Now for drawing frequency polygon just before 1st class interval I take a class interval 5-10 and just after the last class interval, I take another ass interval of 35-40.

The frequencies of these two class intervals are 0 (Zero). Then by joining the points (7.5,0), (12.5,40), (17.5,90), (22.5,100), (27.5,60), (32.5,160), and (37.5,0) straight lines we get the required frequency polygon ABCDEFG.

 

Question 13. I have written in the following the frequency of the number of goals given by the teams in our Kolkata football league in the previous month. I draw the frequency polygon for the representation of the data.

Scores	0	1	2	3	4	5	6
Frequency	15	20	12	8	6	3	1

 

Solution: Frequency distribution table

Score	Frequency
0	15
1	20
2	12
3	8
4	6
5	3
6	1

 

Along x-axis-score (goal) & along y-axis – Frequency

Unit 10 sides of the smallest square along x-axis = 1 unit and 2 sides of the smallest square along y-axis = 1 unit.

Now for drawing frequency polygon just before 1st class interval I take a class interval of -1,-0 and just after the last class interval, I take another class interval of 7-0.
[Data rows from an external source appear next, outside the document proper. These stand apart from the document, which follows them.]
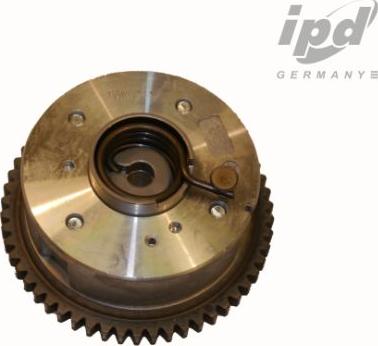 Hepu 21-7045 - Dispositif de réglage électrique d'arbre à cames droxauto.com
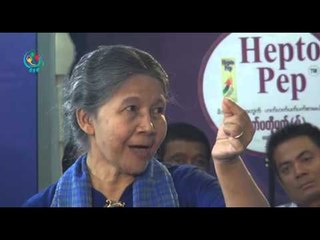 DVB Debate:How to clean the country? (Part B)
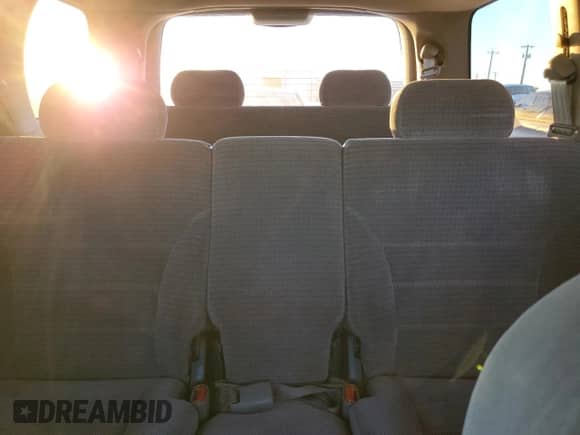 2002 Dodge Durango SLT with VIN 1B4HR48N02F200096, listed as a Copart auction lot 43988445 with Not provided miles and Salvage title. Bid and sale history available at DreamBid. Image 10.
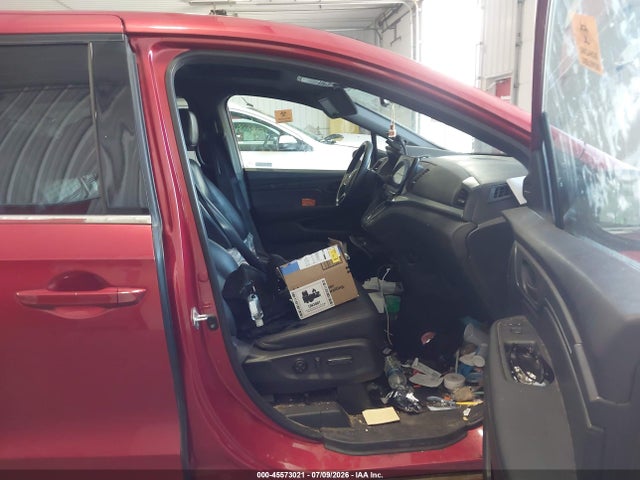 45573021 :رقم المزاد ، 5FNRL6H72RB017920 vin ، 2024 Honda Odyssey Sport مزاد بيع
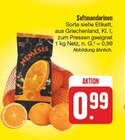 Saftmandarinen von Nemesis im aktuellen EDEKA Prospekt für 0,99 €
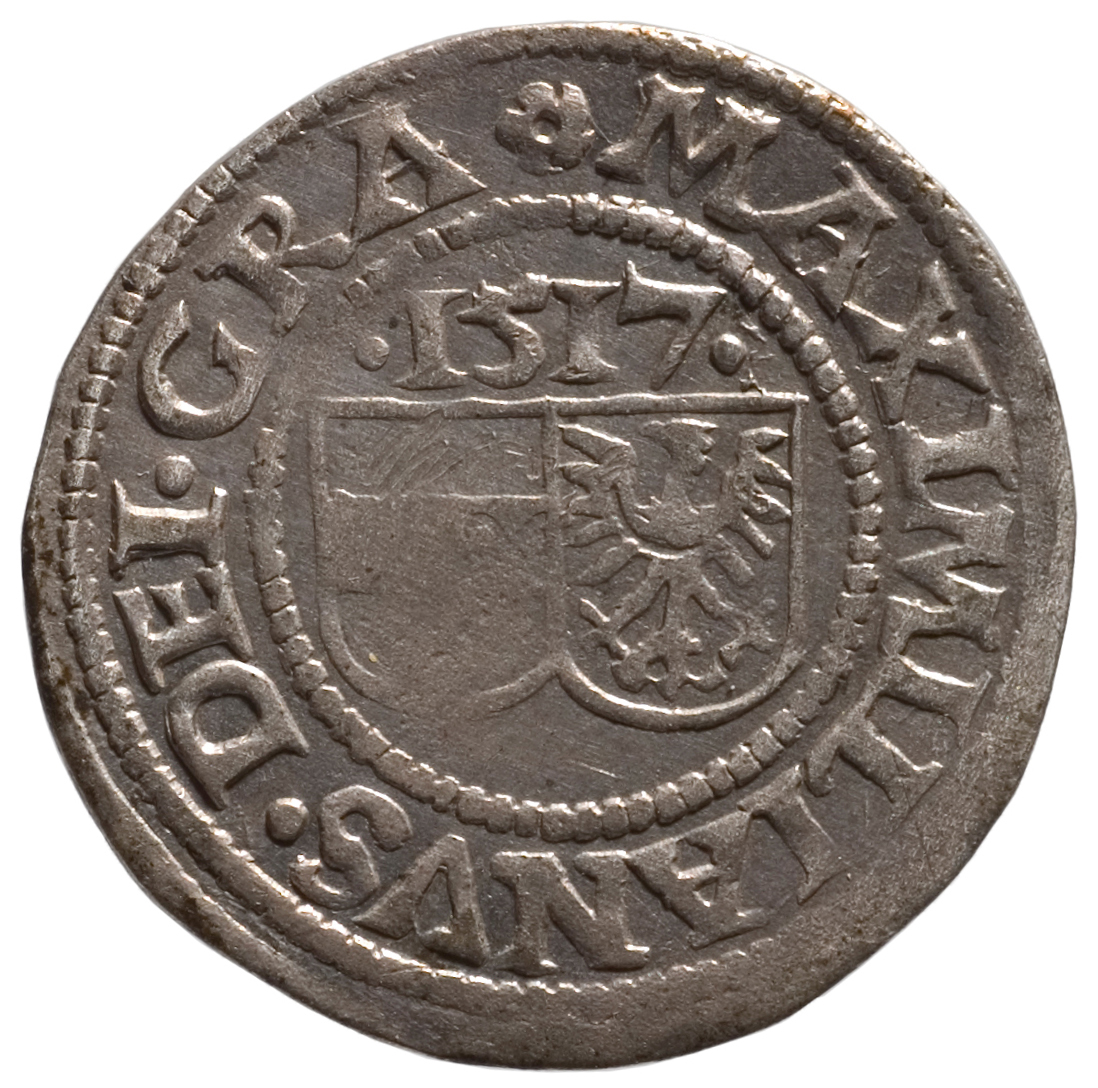 Haus Österreich: Maximilian I.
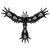 タカラトミー ポケットモンスター モンコレ ML-13 イベルタル ﾓﾝｺﾚML13ｲﾍﾞﾙﾀﾙﾊｺ-イメージ5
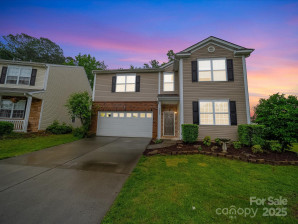 2306 Nettleton Ct Matthews, NC 28105
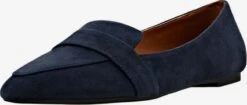 ESPRIT Loafers Instappers Dames Navy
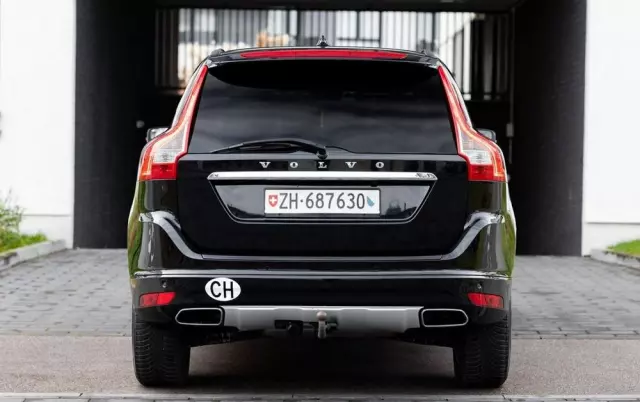 VOLVO XC 60 2.4D AWD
The frequencies of these two class intervals are 0 (Zero). Then by joining the points (1,0), (0,15), (1,20), (2,12), (3,0), (4,6) and (5,3), (6,1) & (7,0) successively with straight lines we obtained frequency polygon ABCDEFGHI,

 

 

Question 14.  Let us discuss

1. Each of the area of each of the rectangle of a histogram is proportional to

1. The mid-point of that class
2. The class size of that class
3. The frequency of that class
4. The cumulative frequency of that class

Solution: 3. The frequency of that class

2. A frequency polygon is drawn

1. Upper limit of the class
2. Lower limit of the class
3. Mid-value of the class
4. Any value of the class

Solution 3. Mid-value of the class

3. To draw a histogram, the class

1. Along y-axis
2. Along x-axis
3. Along x-axis and y-axis both
4. In between x-axis and y-axis

Solution: 2. Along x-axis

4. In the case of drawing a histogram,

1. Frequency
2. Class boundary
3. Range.
4. Class size.

Solution: 4. Class size.

5. A histogram is the graphical representation of grouped data whose class- boundary and frequency are taken respectively,
1. Along the vertical axis and horizontal axis,
2. Only along the vertical axis,
3. Only along horizontal axis,
4. Along the horizontal axis and vertical axis.

Solution: 4. Along the horizontal axis and vertical axis.